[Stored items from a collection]

>>>>>

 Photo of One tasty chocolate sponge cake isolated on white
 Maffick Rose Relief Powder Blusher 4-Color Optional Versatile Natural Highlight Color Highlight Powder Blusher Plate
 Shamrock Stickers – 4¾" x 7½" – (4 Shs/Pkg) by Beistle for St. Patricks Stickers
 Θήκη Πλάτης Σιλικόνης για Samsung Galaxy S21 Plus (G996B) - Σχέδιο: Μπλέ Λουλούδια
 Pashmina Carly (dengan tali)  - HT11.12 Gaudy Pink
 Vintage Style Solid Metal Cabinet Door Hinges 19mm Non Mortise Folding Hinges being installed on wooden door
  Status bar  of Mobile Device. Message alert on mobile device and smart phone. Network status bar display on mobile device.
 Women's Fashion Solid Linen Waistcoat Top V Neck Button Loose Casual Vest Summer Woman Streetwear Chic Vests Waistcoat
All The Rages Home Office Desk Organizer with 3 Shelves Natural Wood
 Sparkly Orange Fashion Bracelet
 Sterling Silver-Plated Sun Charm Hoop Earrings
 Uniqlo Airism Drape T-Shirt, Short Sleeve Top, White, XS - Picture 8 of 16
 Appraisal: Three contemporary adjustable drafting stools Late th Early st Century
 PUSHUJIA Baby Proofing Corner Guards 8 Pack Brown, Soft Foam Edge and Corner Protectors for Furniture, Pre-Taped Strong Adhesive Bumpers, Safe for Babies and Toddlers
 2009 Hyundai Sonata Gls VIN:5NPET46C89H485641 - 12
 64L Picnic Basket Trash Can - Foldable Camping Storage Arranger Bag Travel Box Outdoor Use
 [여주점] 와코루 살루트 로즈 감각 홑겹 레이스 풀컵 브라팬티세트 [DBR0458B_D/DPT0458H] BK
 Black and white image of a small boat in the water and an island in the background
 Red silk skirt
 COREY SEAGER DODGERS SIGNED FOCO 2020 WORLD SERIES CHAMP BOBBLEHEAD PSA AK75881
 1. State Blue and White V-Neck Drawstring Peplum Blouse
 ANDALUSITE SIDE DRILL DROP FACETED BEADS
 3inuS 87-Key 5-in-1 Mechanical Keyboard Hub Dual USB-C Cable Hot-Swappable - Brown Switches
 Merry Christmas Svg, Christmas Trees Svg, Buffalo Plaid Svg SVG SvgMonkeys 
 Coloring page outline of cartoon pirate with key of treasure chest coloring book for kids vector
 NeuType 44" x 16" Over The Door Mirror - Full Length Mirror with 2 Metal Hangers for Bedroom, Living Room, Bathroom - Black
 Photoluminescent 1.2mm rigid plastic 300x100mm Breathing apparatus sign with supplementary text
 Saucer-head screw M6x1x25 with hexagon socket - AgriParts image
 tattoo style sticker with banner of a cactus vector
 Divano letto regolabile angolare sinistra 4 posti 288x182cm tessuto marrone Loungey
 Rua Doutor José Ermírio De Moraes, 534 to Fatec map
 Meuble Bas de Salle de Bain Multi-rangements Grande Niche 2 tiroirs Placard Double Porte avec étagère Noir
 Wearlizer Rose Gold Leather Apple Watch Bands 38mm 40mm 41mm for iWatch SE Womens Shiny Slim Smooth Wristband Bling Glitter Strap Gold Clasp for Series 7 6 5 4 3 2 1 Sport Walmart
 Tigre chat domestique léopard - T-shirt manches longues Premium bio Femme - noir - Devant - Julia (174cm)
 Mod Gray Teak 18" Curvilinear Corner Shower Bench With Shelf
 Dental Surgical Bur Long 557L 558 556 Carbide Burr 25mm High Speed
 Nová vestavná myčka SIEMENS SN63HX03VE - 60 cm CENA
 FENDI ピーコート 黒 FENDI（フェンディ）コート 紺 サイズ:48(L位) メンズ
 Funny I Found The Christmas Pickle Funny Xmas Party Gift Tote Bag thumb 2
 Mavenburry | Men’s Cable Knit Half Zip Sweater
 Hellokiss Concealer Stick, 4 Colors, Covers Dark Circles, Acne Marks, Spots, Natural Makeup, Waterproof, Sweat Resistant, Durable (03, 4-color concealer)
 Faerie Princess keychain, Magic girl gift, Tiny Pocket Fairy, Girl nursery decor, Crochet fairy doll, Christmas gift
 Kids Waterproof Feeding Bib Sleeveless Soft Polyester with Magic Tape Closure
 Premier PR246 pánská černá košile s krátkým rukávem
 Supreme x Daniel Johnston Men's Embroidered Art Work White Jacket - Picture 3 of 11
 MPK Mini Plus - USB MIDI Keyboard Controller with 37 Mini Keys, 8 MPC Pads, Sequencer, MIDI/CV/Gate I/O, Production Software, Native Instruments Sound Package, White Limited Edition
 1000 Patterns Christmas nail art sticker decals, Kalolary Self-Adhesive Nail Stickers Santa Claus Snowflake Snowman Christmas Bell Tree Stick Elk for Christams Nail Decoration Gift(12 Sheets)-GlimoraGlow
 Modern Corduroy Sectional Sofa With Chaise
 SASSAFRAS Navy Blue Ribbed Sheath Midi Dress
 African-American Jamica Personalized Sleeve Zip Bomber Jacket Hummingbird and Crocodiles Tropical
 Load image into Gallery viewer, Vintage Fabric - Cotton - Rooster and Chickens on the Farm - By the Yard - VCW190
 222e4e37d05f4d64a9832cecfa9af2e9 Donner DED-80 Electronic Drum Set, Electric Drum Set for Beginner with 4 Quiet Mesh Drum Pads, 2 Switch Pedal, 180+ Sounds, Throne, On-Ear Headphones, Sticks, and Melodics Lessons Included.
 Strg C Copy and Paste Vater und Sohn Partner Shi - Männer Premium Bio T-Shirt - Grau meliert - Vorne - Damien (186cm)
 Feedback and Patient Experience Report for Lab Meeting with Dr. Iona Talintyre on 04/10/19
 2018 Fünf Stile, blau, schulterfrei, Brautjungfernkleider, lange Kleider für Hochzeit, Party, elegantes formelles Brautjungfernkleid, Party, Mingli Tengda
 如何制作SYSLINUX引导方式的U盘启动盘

<<<<<

◆ WHAT THE TASK ASKS:
Reproduce only the lines above spanning from the line containing "1. State Blue" through the line containing "Supreme x Daniel", word for word.

◆ SOLUTION BELOW:
 1. State Blue and White V-Neck Drawstring Peplum Blouse
 ANDALUSITE SIDE DRILL DROP FACETED BEADS
 3inuS 87-Key 5-in-1 Mechanical Keyboard Hub Dual USB-C Cable Hot-Swappable - Brown Switches
 Merry Christmas Svg, Christmas Trees Svg, Buffalo Plaid Svg SVG SvgMonkeys 
 Coloring page outline of cartoon pirate with key of treasure chest coloring book for kids vector
 NeuType 44" x 16" Over The Door Mirror - Full Length Mirror with 2 Metal Hangers for Bedroom, Living Room, Bathroom - Black
 Photoluminescent 1.2mm rigid plastic 300x100mm Breathing apparatus sign with supplementary text
 Saucer-head screw M6x1x25 with hexagon socket - AgriParts image
 tattoo style sticker with banner of a cactus vector
 Divano letto regolabile angolare sinistra 4 posti 288x182cm tessuto marrone Loungey
 Rua Doutor José Ermírio De Moraes, 534 to Fatec map
 Meuble Bas de Salle de Bain Multi-rangements Grande Niche 2 tiroirs Placard Double Porte avec étagère Noir
 Wearlizer Rose Gold Leather Apple Watch Bands 38mm 40mm 41mm for iWatch SE Womens Shiny Slim Smooth Wristband Bling Glitter Strap Gold Clasp for Series 7 6 5 4 3 2 1 Sport Walmart
 Tigre chat domestique léopard - T-shirt manches longues Premium bio Femme - noir - Devant - Julia (174cm)
 Mod Gray Teak 18" Curvilinear Corner Shower Bench With Shelf
 Dental Surgical Bur Long 557L 558 556 Carbide Burr 25mm High Speed
 Nová vestavná myčka SIEMENS SN63HX03VE - 60 cm CENA
 FENDI ピーコート 黒 FENDI（フェンディ）コート 紺 サイズ:48(L位) メンズ
 Funny I Found The Christmas Pickle Funny Xmas Party Gift Tote Bag thumb 2
 Mavenburry | Men’s Cable Knit Half Zip Sweater
 Hellokiss Concealer Stick, 4 Colors, Covers Dark Circles, Acne Marks, Spots, Natural Makeup, Waterproof, Sweat Resistant, Durable (03, 4-color concealer)
 Faerie Princess keychain, Magic girl gift, Tiny Pocket Fairy, Girl nursery decor, Crochet fairy doll, Christmas gift
 Kids Waterproof Feeding Bib Sleeveless Soft Polyester with Magic Tape Closure
 Premier PR246 pánská černá košile s krátkým rukávem
 Supreme x Daniel Johnston Men's Embroidered Art Work White Jacket - Picture 3 of 11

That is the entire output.